I knew fairly soon that I wanted a Kindle. I thought it looked prettier than the rest of the e-readers on offer, and I’d heard a lot of good things about it. When a friend of mine bought one, and I had a chance to get a good look at it, I knew that was the one I wanted. I opted for the Kindle keyboard, the most advanced model available at the time. It’s simple, black and white, no fancy apps or anything. Just a book, only digital. To protect it I bought a beautiful fake-leather bound cover, which makes it look like a really old book. I loved it (and still do).

 photo (1)

I have to admit though that the Kindle does have quite a few advantages over ‘real’ books. It’s very light, and you can easily take it with you everywhere you go. Of course you can take a normal book with you as well, but they’re usually much heavier, and I hate it when my books get damaged from being in my handbag for too long, crammed in with all my other stuff I drag around with me at all times. It can hold all of your favourite books, which is another huge advantage. I currently have 260 books on mine.

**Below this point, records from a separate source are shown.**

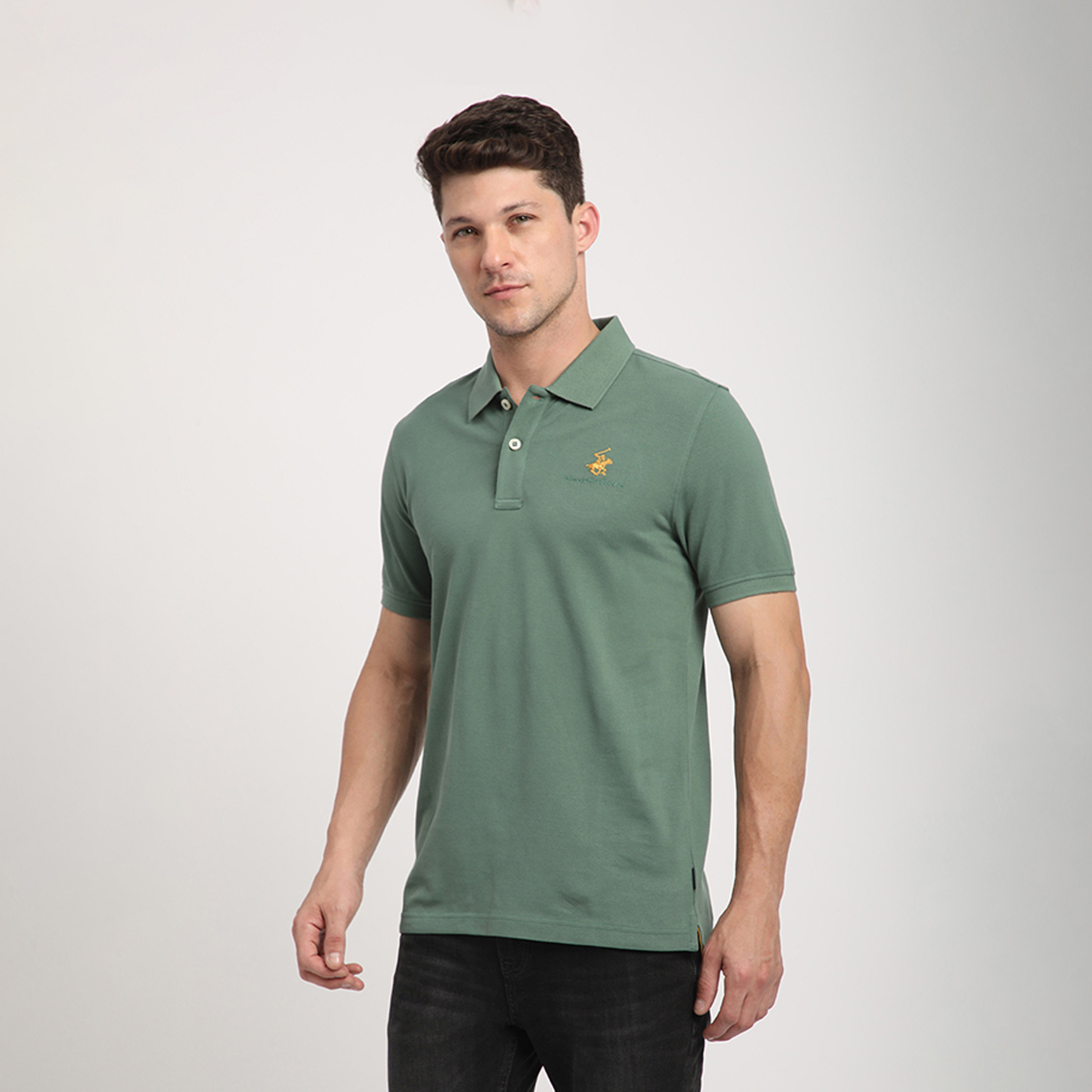 Beverly Hills Polo Club Logo Collared Short Sleeves Polo T-shirt-men-clothing-tshirtsandpolos-polos-image-2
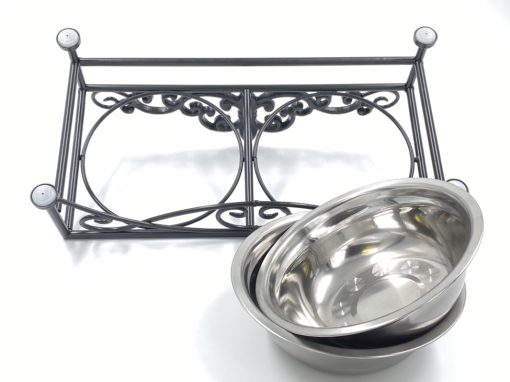 Dubenėliai gyvūnams ketaus stove 19x37x20 cm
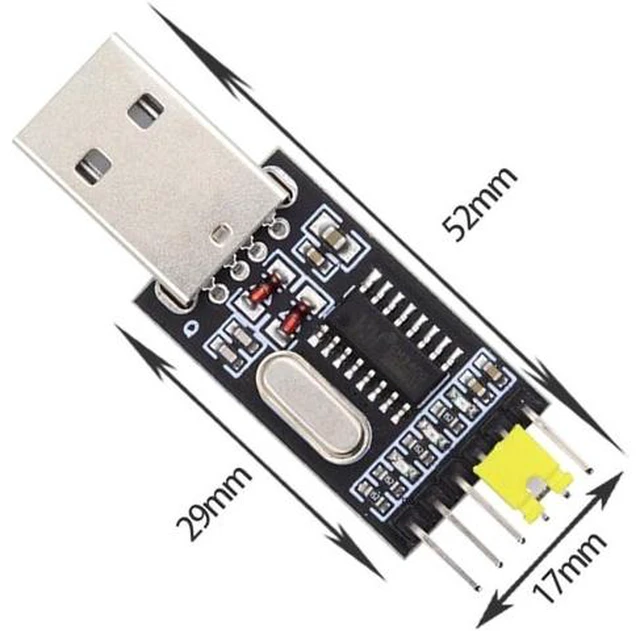 Alt view image 6 of 7 - USB2.0 Type-A to TTL Converter UART STC Module Serial Programmer CH340G CH340 3.3V 5V Adapter Replace PL-2303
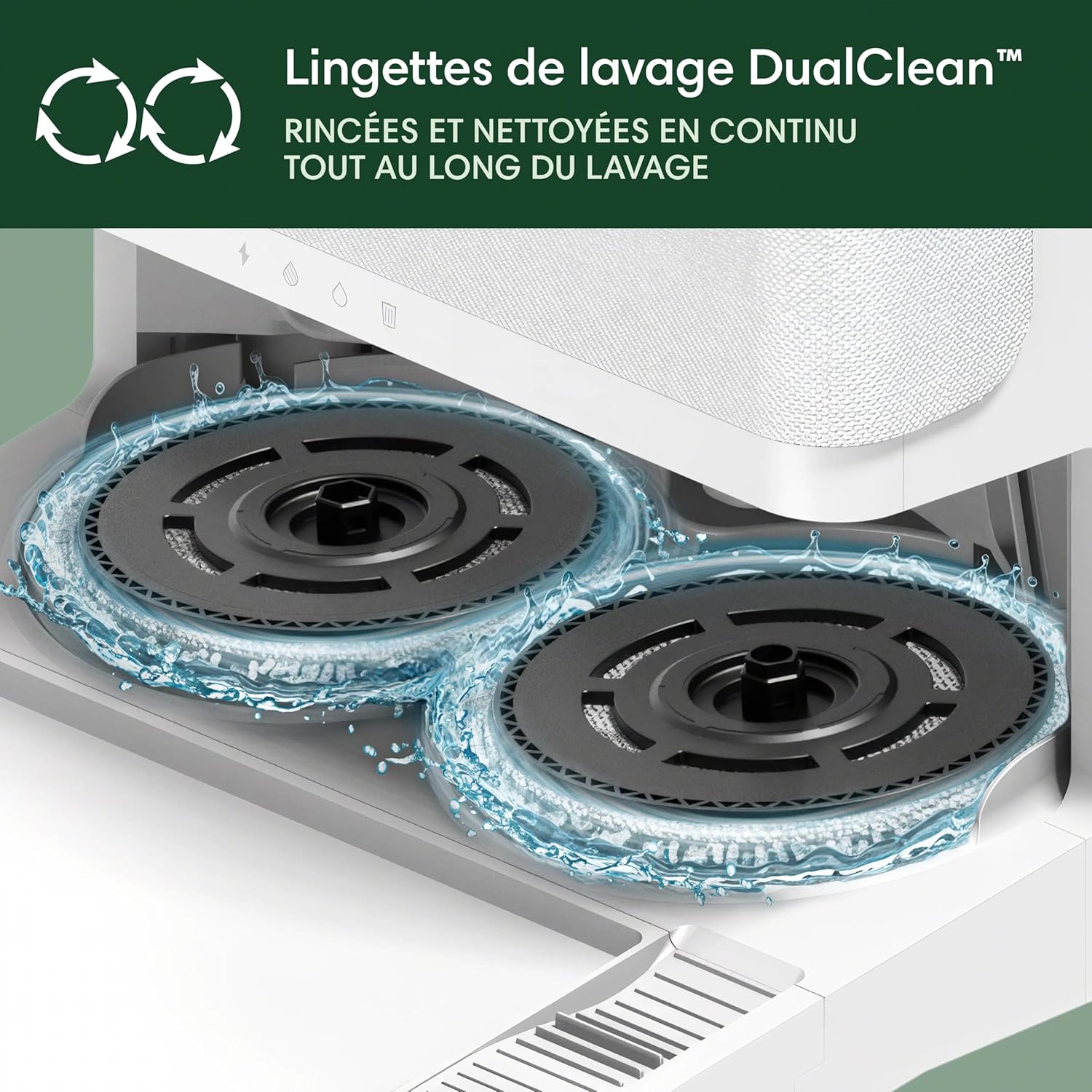 Robot aspirateur laveur base multifonction autovidage 75 jours LiDAR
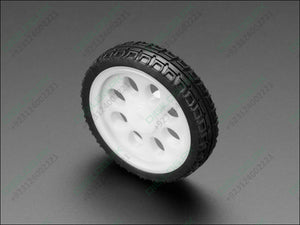 Thin White Wheel for TT DC Gear Motors 65mm Diameter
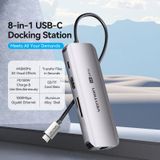  HUB chuyển đa năng Vention 8 Port Expansion Adapter (USB-C to HDMI/USB 3.0 x 3/RJ45/SD/TF/PD Docking Station) 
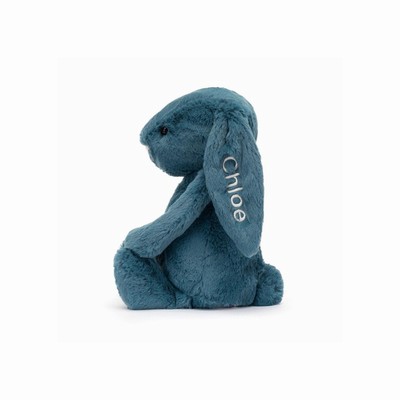 Jellycat Bashful Mineral Blue Bunny Medium Australia | 015423HYO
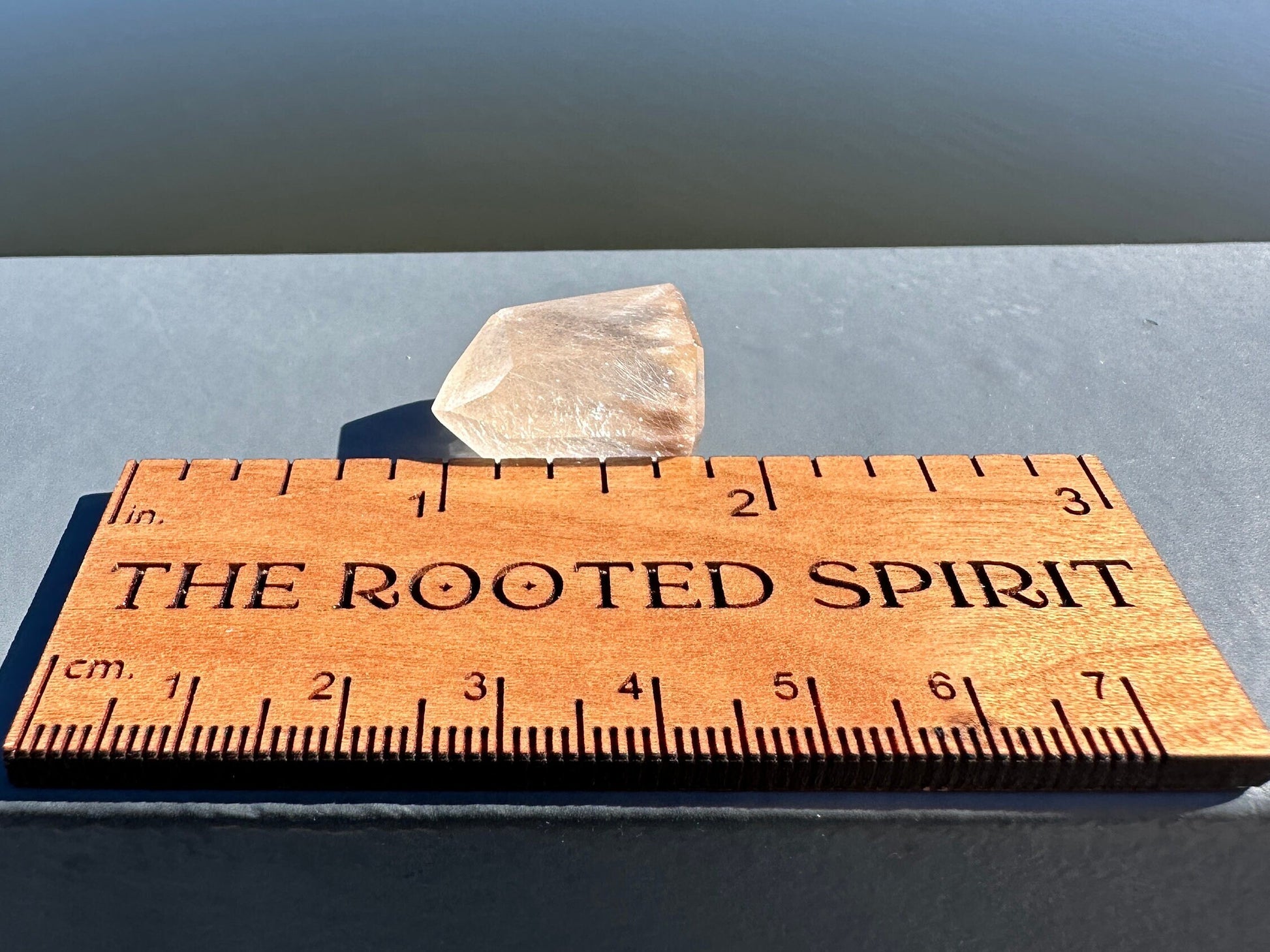 Mini Peach Amphibole Quartz Polished Point from Brazil | Pink Amphibole | Angel Wing Phantom Quartz | Angel Hair Quartz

All the classics are offered as free downloads, which is perfect for a former English major. I love the fact that I have access to all these wonderful books without having to pay a single penny for them.

And then there are the more practical advantages. Because it’s so light you can hold it with one hand while you read. With normal books I usually have to use two hands, unless it’s a hardcover, because I’m a bit clumsy and I get cramps if I try to hold it open single-handedly. With the Kindle you can hold your book in one hand, and a cup of tea in the other while you read. Or a biscuit, whichever you prefer. Or you can put the Kindle in your lap, and hold a cuppa in one hand and a biscuit in the other. Best of both worlds!

My love for my Kindle doesn’t mean that I’ve gone completely digital and have forsaken my beloved paper books. On the contrary, I still buy as many books as I used to. When I’m at home I still prefer a paper book over a digital one, and when I’m travelling I prefer my Kindle. Both have their pros and cons, which is why I’m so happy to have both, because they complement each other perfectly. Like Stephen Fry already said: “Books are no more threatened by Kindles, than stairs are by elevators”, and I’m inclined to agree with him. I will never give up on paper books completely, but I do love my Kindle a lot as well. And if I’m saving a few trees in the process, that’s only a wonderfully added bonus!